Sociologists Christian Smith and Amy Adamczyk have a new book where they look at parents and passing down religion to children. In an interview, here is how Smith describes some of the findings:

The other big surprise was parents’ views of their religious congregations. The common story is that laypeople just want to dump their kids off at church and have religion taken care of by youth ministers. But we found parents just want church to be friendly and a good environment, but they think it’s their job to take care of religious things. That seemed to be kind of a mismatch in how clergy and youth ministers think about parental involvement and the way parents described that involvement…
In the book, you say that a central part of your argument is that what religion is has fundamentally changed from a “communal solidarity project” to a “personal identity accessory.” Can you elaborate briefly on what that means?

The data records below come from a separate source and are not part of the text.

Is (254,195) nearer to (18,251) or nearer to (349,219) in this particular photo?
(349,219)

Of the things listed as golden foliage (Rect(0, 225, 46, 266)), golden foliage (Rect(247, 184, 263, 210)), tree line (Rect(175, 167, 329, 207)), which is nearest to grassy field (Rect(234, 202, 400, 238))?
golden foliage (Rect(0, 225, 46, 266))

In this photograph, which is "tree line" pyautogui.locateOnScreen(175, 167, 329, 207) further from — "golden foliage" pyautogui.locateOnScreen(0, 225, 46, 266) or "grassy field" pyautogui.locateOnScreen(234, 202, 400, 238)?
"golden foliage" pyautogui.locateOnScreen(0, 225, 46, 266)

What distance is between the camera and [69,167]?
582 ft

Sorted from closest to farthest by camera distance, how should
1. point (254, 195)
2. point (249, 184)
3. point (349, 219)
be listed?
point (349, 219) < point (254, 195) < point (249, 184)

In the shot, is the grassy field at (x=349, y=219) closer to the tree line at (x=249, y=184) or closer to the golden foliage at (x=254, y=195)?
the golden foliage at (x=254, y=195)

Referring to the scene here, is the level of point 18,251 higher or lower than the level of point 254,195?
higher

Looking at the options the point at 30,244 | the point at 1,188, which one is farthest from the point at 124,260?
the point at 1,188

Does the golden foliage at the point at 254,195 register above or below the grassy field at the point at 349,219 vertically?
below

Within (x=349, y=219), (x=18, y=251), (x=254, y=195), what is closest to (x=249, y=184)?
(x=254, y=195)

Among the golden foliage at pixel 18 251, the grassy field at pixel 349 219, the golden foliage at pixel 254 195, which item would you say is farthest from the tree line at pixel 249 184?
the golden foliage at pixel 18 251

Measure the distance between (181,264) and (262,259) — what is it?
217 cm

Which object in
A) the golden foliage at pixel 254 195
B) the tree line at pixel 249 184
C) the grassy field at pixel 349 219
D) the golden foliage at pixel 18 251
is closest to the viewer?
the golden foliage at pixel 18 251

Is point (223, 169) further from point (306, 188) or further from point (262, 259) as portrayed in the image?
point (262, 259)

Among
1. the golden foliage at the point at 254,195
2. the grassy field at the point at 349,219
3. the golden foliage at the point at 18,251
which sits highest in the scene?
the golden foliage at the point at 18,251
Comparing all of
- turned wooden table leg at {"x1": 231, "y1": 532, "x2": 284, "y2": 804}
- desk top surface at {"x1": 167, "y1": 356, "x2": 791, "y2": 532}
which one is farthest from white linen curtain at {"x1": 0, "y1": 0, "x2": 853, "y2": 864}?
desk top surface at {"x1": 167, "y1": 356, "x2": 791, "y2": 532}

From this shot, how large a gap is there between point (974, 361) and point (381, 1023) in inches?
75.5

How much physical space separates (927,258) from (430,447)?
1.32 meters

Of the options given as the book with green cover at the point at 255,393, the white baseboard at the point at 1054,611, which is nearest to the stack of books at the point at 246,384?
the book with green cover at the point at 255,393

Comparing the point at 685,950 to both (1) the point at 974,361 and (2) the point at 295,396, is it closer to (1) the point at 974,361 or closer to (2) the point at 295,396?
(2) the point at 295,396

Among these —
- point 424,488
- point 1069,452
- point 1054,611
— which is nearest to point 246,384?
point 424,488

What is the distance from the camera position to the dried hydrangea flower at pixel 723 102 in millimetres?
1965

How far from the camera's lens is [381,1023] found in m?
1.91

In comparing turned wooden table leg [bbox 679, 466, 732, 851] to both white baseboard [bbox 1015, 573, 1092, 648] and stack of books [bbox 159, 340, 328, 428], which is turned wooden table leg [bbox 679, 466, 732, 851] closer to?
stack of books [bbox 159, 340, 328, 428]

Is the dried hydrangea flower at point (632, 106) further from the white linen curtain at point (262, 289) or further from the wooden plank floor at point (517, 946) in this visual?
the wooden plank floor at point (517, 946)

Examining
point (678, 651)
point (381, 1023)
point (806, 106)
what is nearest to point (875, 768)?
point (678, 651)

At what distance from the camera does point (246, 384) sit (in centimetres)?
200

This is my historical interpretation of our findings, trying to make the best theoretical sense I can of what’s going on. The idea of a communal solidarity project is that in a former time in American history, religion would have been much more of a collective, community-based experience. It would have been something people shared in common and that had much more of a social dynamic to it. The parents wouldn’t have had so much burden to promote religion because it would’ve just been living in the community. Over time, that world has dissolved…
And you raised the question of mismatch earlier, but I would say this is the real mismatch. Not so much strategy differences between parents and youth ministers, but what church is for. I think some of the main actors that are gathered in congregations have very different ideas of what they’re even doing there. What’s fascinating, sociologically, is how they can continue that mismatch for years and not really figure out the differences between each other—like not really have it dawn on them, “Oh, we have totally different realities going on here.”

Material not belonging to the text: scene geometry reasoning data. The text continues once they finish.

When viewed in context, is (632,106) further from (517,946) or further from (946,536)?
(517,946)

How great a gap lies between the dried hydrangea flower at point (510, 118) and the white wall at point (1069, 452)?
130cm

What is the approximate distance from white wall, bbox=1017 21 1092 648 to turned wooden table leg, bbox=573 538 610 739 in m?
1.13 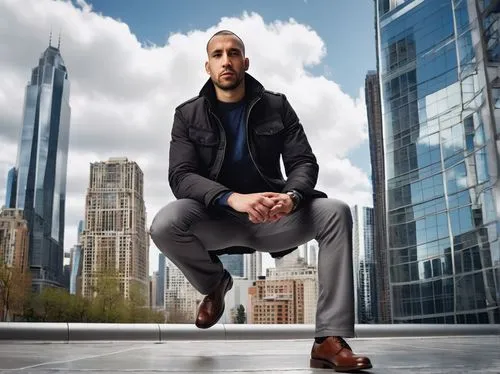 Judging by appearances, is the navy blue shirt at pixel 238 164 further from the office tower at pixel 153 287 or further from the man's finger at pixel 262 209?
the office tower at pixel 153 287

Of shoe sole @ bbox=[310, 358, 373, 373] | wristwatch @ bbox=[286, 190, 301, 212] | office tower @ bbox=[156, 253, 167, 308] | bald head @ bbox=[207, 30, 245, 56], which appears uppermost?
office tower @ bbox=[156, 253, 167, 308]

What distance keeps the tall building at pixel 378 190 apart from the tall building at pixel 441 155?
34.2 feet

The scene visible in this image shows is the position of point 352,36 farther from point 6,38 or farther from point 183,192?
point 183,192

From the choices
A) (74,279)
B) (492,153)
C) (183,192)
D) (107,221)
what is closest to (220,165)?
(183,192)

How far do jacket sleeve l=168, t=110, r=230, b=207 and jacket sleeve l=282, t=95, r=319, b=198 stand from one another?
24 cm

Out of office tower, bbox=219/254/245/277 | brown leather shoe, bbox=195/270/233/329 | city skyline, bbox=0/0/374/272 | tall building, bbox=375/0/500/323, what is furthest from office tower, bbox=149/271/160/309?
brown leather shoe, bbox=195/270/233/329

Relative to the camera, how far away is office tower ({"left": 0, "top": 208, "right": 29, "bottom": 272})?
77.4 metres

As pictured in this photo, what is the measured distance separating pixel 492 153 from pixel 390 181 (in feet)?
30.8

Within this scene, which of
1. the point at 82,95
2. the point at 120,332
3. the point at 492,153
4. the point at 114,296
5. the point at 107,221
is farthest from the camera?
the point at 82,95

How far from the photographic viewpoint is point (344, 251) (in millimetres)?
1878

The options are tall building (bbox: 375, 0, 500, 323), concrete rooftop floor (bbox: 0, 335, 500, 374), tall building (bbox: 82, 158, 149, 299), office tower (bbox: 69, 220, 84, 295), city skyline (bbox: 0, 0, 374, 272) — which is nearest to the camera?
concrete rooftop floor (bbox: 0, 335, 500, 374)

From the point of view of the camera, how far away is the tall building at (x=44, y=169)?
303 feet

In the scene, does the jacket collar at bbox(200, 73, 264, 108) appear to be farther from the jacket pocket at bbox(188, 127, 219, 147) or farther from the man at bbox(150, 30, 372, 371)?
the jacket pocket at bbox(188, 127, 219, 147)

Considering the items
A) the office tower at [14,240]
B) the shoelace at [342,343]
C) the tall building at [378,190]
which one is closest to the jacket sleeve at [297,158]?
the shoelace at [342,343]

These are big picture issues regarding religion in the United States: what is the role or place for parents even alongside the common idea that children should be able to make their own choices? What are religious congregations about: places of religious community and solidarity or places for individual consumers to take what they can get? How do parents and churches interact when their goals might be similar but their means and/or expectations differ?
One notable feature in the books Smith and his colleagues have written about the faith of teenagers and emerging adults is how these patterns among younger adults help shed light on broader patterns in American society. What teenagers take in and how they act does not come out of nowhere. They may be exacerbating existing trends or remixing elements of culture, but they are building on what is already happening with adults, institutions, families, and others.